This new standard describes MMS(Manufacture Message Specification) and GOOSE(Generic Object Oriented Substation Event) as the communication services for a server and a client of the digital substation, and most of utilities that are running the substation automation system, applied these communication function to operate their digital substation.

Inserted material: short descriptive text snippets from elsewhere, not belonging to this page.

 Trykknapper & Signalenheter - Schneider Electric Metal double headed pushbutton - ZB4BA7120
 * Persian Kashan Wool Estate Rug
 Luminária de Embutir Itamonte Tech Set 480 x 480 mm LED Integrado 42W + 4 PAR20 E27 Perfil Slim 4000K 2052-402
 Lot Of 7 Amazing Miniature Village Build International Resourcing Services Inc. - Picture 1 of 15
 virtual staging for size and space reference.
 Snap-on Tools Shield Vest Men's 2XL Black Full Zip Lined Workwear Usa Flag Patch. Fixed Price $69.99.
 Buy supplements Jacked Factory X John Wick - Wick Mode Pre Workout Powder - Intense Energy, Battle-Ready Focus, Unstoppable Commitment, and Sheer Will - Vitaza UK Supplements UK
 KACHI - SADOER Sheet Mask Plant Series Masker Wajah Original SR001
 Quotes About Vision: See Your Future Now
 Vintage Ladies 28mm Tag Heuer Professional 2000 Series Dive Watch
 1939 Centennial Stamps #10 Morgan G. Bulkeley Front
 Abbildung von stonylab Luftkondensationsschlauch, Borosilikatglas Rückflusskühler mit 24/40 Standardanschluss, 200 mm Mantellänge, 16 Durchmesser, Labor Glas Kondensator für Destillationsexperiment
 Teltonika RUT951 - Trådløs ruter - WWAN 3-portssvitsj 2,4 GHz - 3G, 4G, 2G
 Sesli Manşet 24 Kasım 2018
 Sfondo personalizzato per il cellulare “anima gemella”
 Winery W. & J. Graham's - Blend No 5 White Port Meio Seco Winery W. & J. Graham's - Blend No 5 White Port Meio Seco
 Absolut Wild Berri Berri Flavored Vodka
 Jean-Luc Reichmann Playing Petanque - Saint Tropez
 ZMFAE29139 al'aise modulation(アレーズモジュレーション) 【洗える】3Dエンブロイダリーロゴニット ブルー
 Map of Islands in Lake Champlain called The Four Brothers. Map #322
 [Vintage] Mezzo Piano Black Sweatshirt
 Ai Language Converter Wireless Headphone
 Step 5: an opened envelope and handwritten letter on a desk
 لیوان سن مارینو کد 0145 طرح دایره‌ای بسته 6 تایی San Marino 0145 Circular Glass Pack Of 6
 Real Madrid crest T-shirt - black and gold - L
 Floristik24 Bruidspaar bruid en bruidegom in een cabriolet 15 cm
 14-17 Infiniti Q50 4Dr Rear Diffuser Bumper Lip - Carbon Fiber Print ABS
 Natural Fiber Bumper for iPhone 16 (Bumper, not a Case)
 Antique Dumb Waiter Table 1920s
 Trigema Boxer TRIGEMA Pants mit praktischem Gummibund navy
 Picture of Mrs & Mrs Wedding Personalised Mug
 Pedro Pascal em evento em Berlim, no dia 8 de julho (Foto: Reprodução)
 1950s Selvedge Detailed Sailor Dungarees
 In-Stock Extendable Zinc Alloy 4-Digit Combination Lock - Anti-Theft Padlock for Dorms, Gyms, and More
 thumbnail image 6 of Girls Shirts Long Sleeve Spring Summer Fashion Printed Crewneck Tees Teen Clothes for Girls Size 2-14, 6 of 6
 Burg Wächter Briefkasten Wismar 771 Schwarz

They want to verify the new digital interfaces of the IED and operating system and ask vendors to summit IEC 61850 conformance certificate on both operating system (IEC 61850 client) and IED (IEC 61850 sever) as minimum requirement^(1-4).

UCA IUG (International Users Group) published the test procedures of IEC 61850 conformance test to verify communicative functions and interoperability of the device, but it does not assure completed system operation at real site because this test is only the functional test⁽⁸⁾.

KEPCO, the public utility in South Korea, has built in about 22 digital substations since 2013 and plan to construct 100 substations by 2020. And KEPCO Research institute has been performing technical support as a home doctor whenever any trouble occurs in the digital substations. During the technical support, A GOOSE trouble was found at “GOZAN” S/S one of the KEPCO digital substations, which we did not see at other substations with the same system. So we tried to solve this trouble to run our system more securely as soon as possible. This paper presents the specific way to find the reason of the GOOSE trouble found in the substation and introduces how to solve the issue.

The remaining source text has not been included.